Elder son plunges to earth as a kind of meteorite with a bizarre event horizon, and is promptly run over by cute young female scientist who is out careening across the desert in the middle of the night searching for bizarre event horizons. ‡‡ Elder son's famous hammer is tossed over the edge by sorrowful/angry dad too, and lands a few miles away, and is instant centre of activity by a Men in Black gang . . . who barely frelling notice Thor himself. Thor of course has to stage a Daring Raid to get his hammer back and when it fails‡‡‡ they let him go and as he's sauntering back out of this major top security area they've established he just happens to pick up the cute scientist's crucial notebook, the Men in Black having confiscated all her gear—it's just lying there and he picks it up and walks away with it and no one stops him.
Do I really have to tell you any more? No? Good. I'm going to bed.
* * *
*Nadia says there should be a law against filming singers closer than twelve feet. Upon reflection I think this is still too close. First row of the stalls from the far side of the orchestra pit, say.
** Peter and I have this little problem about agreeing on a film. Noisy FX SF silliness is usually our best compromise.
*** Although my track record with Marvel-into-movies is not too excellent.

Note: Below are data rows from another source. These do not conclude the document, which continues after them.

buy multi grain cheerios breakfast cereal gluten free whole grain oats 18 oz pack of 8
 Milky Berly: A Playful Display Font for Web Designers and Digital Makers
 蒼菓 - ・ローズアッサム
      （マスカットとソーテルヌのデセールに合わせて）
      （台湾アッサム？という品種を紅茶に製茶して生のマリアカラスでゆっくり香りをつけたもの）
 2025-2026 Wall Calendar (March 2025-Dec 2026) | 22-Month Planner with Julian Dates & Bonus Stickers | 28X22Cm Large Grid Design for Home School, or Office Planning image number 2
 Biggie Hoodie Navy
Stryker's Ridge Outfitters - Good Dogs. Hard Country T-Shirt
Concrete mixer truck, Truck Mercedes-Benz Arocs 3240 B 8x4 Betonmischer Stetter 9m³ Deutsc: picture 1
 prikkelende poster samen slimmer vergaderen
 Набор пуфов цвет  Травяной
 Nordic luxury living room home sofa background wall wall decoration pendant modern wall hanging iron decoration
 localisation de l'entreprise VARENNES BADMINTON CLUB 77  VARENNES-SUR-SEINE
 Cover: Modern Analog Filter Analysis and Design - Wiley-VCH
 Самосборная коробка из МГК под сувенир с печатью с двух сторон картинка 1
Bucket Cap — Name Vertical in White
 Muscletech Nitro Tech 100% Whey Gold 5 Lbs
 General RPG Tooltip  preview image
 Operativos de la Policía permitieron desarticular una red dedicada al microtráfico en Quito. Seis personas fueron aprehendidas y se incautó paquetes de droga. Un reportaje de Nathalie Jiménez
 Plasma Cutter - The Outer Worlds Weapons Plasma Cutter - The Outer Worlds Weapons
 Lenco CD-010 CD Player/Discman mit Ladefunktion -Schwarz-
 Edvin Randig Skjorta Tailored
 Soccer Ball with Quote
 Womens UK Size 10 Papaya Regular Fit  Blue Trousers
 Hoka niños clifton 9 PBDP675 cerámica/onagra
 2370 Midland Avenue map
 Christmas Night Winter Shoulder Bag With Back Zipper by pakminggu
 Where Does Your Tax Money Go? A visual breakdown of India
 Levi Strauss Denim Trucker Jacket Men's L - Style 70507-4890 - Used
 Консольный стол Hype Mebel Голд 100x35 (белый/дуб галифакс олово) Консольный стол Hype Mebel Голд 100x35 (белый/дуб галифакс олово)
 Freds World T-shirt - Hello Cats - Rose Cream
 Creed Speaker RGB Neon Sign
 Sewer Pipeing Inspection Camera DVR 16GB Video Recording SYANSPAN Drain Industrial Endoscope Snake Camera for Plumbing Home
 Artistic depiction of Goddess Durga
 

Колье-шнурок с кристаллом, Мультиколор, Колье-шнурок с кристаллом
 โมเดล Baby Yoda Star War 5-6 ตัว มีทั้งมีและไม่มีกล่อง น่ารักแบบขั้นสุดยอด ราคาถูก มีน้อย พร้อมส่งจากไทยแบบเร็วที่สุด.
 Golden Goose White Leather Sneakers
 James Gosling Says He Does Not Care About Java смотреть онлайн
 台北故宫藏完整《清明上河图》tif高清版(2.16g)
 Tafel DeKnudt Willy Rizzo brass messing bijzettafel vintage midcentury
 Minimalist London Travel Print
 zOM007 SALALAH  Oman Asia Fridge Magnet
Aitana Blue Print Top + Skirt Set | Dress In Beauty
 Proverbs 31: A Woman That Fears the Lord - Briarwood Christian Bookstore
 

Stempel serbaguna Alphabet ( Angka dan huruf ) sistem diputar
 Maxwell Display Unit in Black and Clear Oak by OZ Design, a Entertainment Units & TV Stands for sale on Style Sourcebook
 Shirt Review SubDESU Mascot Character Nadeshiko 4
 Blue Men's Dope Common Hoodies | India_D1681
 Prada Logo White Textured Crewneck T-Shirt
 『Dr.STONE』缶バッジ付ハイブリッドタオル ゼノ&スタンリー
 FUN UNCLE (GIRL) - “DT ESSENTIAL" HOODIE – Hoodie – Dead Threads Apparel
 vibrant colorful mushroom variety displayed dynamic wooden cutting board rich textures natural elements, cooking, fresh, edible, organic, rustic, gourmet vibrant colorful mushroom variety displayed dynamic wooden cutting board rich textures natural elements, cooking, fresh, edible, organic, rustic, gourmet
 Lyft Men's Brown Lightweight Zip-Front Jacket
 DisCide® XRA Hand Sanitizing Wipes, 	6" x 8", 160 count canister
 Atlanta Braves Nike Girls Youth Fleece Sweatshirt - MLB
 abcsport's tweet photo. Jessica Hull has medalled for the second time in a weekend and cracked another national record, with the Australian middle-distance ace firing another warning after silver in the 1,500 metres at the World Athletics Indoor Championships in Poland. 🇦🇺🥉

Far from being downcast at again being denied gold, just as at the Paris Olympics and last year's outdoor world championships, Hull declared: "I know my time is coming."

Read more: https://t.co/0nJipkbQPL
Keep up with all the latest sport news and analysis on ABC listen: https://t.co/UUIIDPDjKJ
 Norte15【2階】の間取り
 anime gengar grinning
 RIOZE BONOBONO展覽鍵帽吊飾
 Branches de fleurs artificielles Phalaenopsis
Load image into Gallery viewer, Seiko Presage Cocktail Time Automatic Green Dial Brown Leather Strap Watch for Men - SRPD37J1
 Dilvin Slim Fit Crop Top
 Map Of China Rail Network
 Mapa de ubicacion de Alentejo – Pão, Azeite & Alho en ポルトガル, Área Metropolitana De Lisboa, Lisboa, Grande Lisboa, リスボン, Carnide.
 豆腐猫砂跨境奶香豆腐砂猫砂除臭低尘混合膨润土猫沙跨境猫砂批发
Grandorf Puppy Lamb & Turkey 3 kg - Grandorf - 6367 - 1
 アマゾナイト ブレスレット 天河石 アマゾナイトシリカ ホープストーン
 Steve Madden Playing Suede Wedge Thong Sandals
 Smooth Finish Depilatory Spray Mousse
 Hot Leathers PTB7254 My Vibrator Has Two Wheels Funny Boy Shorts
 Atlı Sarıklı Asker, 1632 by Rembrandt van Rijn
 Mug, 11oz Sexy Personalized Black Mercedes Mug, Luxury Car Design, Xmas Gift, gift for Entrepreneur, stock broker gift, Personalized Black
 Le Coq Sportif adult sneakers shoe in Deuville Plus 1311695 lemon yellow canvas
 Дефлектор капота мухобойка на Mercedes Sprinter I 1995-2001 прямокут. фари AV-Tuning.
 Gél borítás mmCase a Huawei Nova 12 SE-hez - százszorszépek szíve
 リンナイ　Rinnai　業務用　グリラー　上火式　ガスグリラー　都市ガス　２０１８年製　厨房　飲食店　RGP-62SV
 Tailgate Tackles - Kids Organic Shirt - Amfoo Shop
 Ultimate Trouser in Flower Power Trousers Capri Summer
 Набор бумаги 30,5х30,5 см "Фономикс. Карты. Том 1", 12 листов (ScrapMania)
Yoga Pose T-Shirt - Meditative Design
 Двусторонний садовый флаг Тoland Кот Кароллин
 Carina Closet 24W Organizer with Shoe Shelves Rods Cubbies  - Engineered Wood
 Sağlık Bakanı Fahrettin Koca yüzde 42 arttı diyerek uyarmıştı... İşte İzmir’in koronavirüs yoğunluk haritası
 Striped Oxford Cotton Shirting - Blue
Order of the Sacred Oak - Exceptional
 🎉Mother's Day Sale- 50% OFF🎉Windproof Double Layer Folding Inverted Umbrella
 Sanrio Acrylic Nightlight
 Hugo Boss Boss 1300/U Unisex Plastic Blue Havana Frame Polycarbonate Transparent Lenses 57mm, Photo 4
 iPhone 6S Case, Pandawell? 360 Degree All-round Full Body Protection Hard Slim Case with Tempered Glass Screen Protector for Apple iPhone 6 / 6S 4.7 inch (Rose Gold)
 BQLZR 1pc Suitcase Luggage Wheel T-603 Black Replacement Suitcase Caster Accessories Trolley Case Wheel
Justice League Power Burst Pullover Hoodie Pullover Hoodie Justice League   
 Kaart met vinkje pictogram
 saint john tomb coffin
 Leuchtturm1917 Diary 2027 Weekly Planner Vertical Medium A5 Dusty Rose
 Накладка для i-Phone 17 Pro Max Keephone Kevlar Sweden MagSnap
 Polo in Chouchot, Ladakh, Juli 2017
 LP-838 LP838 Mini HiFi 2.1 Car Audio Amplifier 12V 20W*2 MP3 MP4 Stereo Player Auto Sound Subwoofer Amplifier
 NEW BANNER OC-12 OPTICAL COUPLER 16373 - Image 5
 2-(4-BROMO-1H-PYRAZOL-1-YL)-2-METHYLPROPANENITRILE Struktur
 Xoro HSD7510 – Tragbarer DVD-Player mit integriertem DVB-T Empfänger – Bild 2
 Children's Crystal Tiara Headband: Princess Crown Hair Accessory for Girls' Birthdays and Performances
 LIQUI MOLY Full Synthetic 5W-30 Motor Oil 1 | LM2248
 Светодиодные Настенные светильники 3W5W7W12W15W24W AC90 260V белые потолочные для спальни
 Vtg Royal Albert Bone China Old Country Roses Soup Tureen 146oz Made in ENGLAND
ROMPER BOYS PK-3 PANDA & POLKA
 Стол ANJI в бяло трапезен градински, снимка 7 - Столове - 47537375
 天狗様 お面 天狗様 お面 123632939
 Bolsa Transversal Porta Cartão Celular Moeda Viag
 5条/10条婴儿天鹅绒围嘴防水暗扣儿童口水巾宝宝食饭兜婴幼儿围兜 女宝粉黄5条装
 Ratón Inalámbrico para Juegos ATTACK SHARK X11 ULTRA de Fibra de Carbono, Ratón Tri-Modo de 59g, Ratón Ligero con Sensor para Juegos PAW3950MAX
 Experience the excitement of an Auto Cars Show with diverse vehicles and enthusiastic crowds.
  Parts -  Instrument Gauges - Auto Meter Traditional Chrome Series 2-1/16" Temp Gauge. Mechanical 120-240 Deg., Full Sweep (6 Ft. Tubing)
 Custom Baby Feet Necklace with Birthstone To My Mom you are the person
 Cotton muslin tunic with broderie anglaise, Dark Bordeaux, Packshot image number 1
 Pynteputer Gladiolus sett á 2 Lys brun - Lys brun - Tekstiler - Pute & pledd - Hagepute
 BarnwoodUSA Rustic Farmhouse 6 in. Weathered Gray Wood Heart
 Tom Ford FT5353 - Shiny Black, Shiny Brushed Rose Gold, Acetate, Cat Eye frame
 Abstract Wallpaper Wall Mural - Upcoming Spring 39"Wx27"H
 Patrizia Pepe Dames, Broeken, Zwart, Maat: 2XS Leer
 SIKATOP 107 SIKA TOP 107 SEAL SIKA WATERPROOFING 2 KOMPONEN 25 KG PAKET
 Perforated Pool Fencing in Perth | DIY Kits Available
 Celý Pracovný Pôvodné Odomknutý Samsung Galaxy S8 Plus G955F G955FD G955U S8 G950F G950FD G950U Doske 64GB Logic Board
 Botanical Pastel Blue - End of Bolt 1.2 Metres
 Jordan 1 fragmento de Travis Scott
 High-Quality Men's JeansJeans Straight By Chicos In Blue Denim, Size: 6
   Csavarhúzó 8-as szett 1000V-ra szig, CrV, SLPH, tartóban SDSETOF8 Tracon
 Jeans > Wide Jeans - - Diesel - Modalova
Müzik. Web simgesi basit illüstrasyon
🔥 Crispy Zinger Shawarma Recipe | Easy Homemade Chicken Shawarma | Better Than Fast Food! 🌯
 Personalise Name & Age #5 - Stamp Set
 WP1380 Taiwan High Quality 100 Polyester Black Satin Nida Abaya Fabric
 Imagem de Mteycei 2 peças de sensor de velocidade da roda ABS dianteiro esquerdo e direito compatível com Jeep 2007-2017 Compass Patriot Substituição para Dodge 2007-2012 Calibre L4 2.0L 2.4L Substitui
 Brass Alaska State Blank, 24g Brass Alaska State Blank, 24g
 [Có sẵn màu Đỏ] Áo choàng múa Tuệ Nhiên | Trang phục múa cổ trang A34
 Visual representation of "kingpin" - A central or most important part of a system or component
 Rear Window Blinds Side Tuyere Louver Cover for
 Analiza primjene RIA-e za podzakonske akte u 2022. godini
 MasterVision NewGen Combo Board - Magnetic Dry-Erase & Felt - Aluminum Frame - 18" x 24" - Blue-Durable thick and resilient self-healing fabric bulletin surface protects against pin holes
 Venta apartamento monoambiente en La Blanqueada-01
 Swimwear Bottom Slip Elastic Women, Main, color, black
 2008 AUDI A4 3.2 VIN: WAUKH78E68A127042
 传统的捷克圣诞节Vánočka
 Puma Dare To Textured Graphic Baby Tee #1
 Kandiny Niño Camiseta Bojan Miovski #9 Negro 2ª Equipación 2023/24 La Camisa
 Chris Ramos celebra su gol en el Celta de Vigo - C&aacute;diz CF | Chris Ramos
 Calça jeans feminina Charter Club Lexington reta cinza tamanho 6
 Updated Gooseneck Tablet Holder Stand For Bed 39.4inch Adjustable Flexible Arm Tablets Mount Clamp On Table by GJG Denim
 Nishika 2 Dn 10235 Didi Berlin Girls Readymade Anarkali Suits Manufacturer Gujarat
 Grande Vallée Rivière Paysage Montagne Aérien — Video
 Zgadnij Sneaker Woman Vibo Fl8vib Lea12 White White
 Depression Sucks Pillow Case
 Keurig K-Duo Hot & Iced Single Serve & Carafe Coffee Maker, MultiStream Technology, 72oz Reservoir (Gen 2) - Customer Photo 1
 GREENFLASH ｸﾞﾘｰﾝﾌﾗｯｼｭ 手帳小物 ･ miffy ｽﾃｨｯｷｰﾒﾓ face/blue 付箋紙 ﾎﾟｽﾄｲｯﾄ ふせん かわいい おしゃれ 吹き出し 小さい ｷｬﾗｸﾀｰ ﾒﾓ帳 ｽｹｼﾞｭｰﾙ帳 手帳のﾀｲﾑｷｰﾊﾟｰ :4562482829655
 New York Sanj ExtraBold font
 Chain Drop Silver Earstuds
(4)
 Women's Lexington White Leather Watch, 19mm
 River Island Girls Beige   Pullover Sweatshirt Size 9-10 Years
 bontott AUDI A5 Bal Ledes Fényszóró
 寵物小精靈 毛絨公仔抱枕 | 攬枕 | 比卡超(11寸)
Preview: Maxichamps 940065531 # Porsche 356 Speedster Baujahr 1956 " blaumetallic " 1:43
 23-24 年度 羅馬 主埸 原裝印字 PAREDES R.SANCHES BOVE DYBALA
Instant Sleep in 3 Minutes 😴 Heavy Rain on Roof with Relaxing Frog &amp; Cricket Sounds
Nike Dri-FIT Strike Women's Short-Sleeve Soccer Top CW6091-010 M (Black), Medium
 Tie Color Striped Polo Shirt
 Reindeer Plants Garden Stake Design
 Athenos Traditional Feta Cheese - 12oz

Barring that I love love love the first two BLADEs (the less said about the third the better), which are among my guilty pleasures, I'm pretty unngh about the ones I've seen. First X Men was reasonably amusing.^ I was annoyed that THE FANTASTIC FOUR was such a pulpy mess, because the comic had been one of the few I had defied parental ban to read hiding behind the shelves at the drugstore, ditto disappointed that ELEKTRA was such a bust since finally it's a girl. And I liked the first IRON MAN. For the rest . . . meh.
^ Read: Hugh Jackman is amusing.
† Films don't have reels any more, right? So can you say reeled home from a film without everyone groaning?
†† Or Asgard
††† Note that even Anthony Hopkins as Odin can't save this one. Usually I find Hopkins to be one of those actors who confers dignity on anything by his mere presence. Not this time.
‡ WTF did he think he was going to accomplish by barging off to exchange pleasantries with the Frost Giants anyway? Him and his four chums: including the token Asian and the token girl. The tokenism of this film is particularly gruesome. The token black appears as Asgard's gatekeeper. And the token over-forty-year-old woman appears as Renee Russo as Frigga. Oh, and what I was saying about not hiring a writer? This lack lends itself to spectacular tin-eared-ness such as one of the chums saying to one of the other minor leads–both of them standing in a timeless hall of Asgard, mind you–after the other minor lead may (or may not) have just lost a family member: 'I'm so sorry for your loss.' GAAAAAAAAH.
‡‡ There is absolutely no sense to our hero's reactions to present-day New Mexico: to what he understands and what he doesn't.^ This is one of the things that loses the movie absolutely for me.
^ And what is that mushy accent he has?
‡‡‡ Predictably, because we have to have the Jesus/Aslan moment later on. GAAAAAAAAH.